(TASK TO COMPLETE) What is needed is an exact copy of the lines in the listing below, from the one with "NORMAN, Killbuck. Great" up to and including the one with "Traditional Chinese Clothing", with no other lines.

(LISTED RECORDS)
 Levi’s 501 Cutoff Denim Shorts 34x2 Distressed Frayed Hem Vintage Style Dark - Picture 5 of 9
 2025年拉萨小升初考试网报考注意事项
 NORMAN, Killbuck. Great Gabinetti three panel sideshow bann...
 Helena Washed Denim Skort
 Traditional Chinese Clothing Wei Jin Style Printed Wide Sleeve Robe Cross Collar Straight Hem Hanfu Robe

==

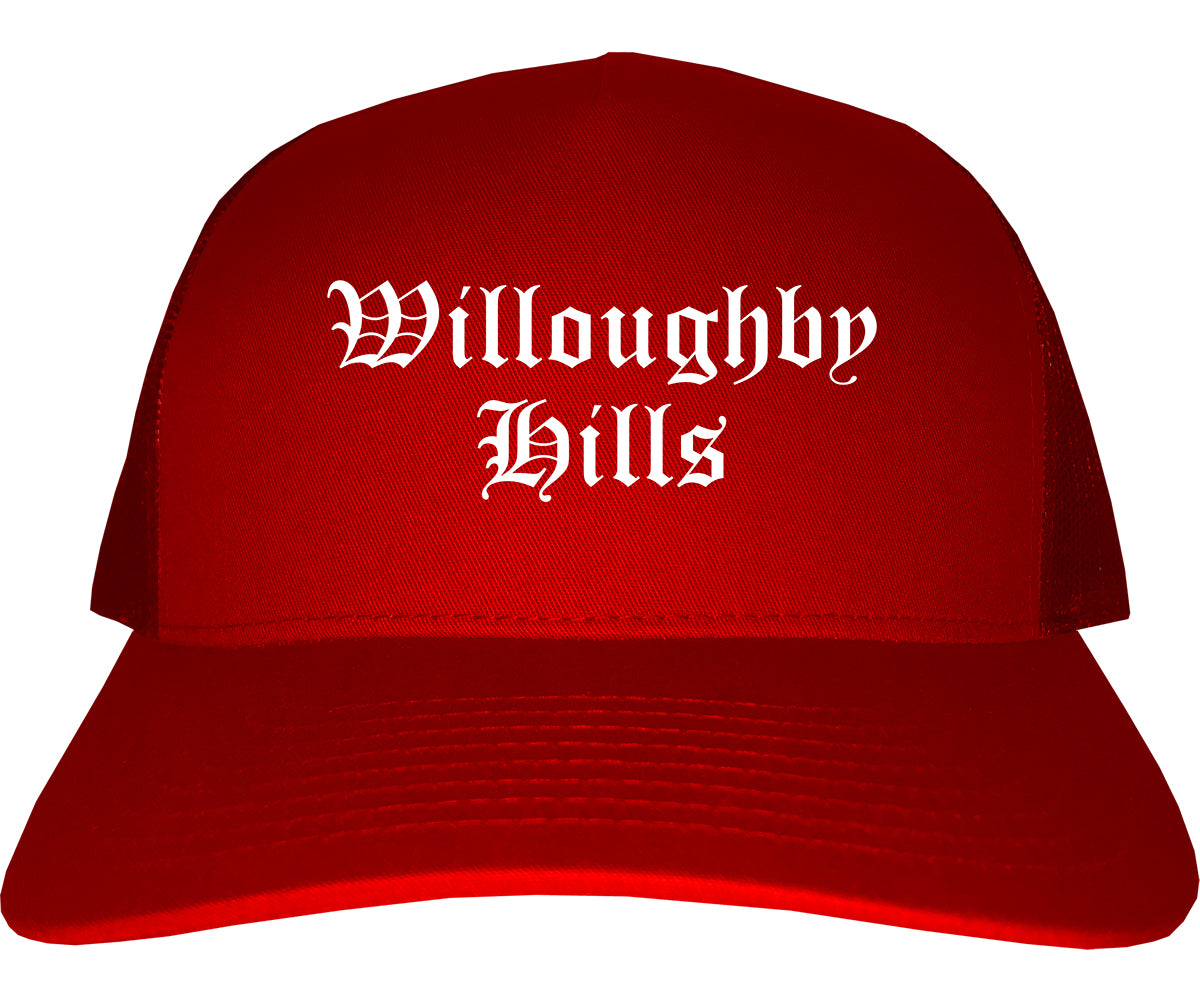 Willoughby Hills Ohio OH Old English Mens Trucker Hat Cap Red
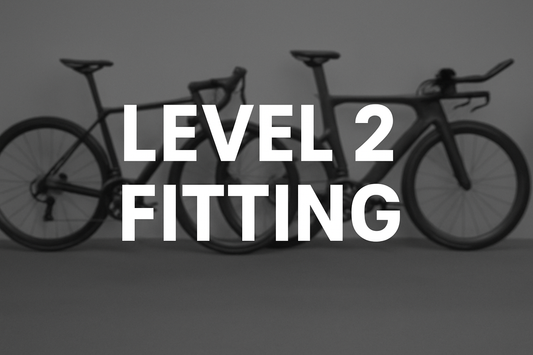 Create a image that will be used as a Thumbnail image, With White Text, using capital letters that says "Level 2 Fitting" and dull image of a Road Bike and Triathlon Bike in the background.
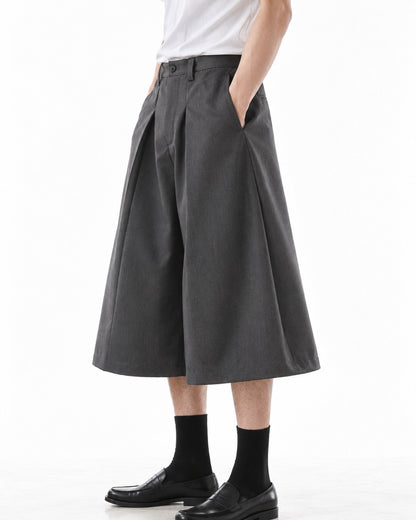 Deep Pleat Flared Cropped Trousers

--

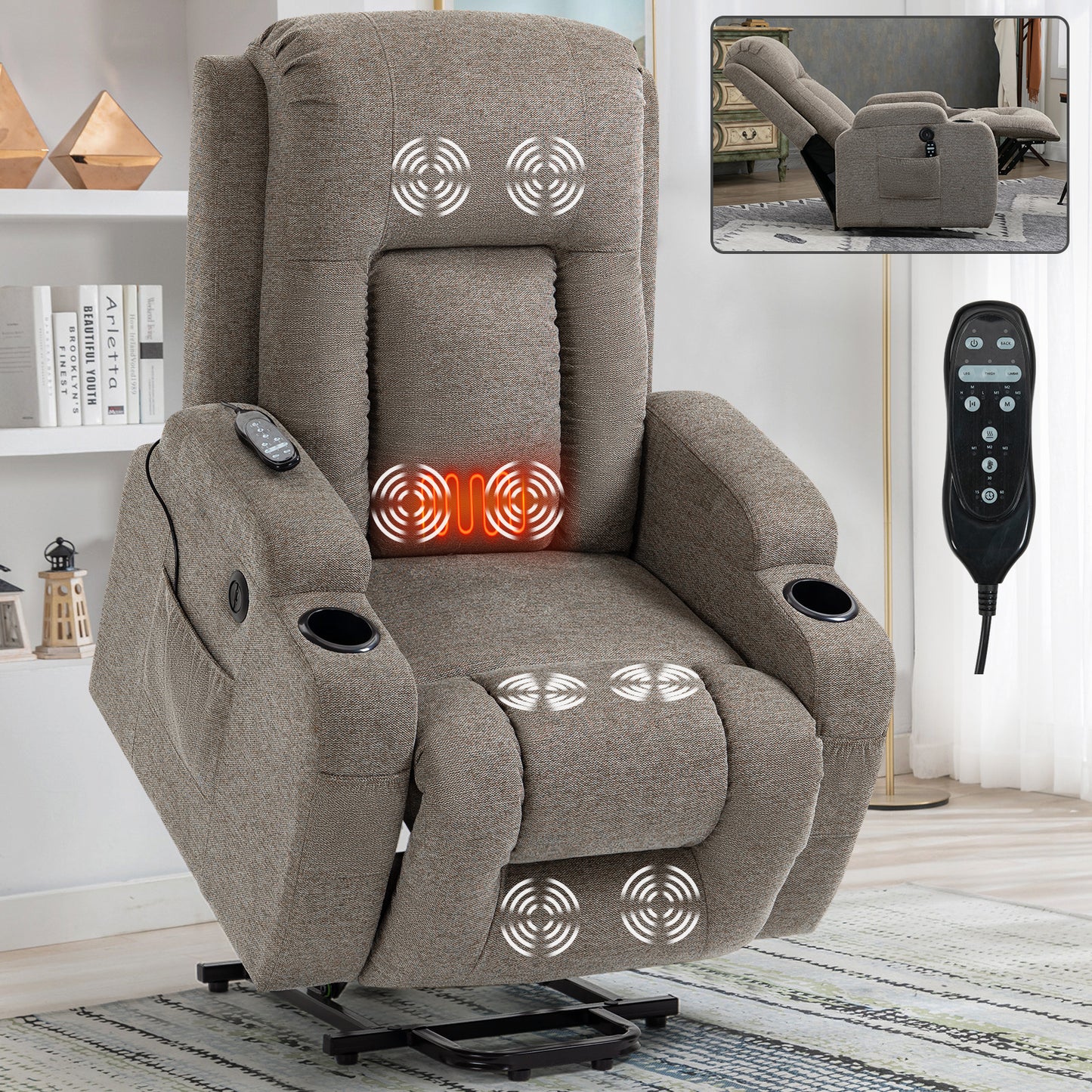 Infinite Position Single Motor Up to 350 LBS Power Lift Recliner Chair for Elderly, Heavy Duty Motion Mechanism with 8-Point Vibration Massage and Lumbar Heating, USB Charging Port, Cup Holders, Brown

(PROBLEM SOLUTION)
 NORMAN, Killbuck. Great Gabinetti three panel sideshow bann...
 Helena Washed Denim Skort
 Traditional Chinese Clothing Wei Jin Style Printed Wide Sleeve Robe Cross Collar Straight Hem Hanfu Robe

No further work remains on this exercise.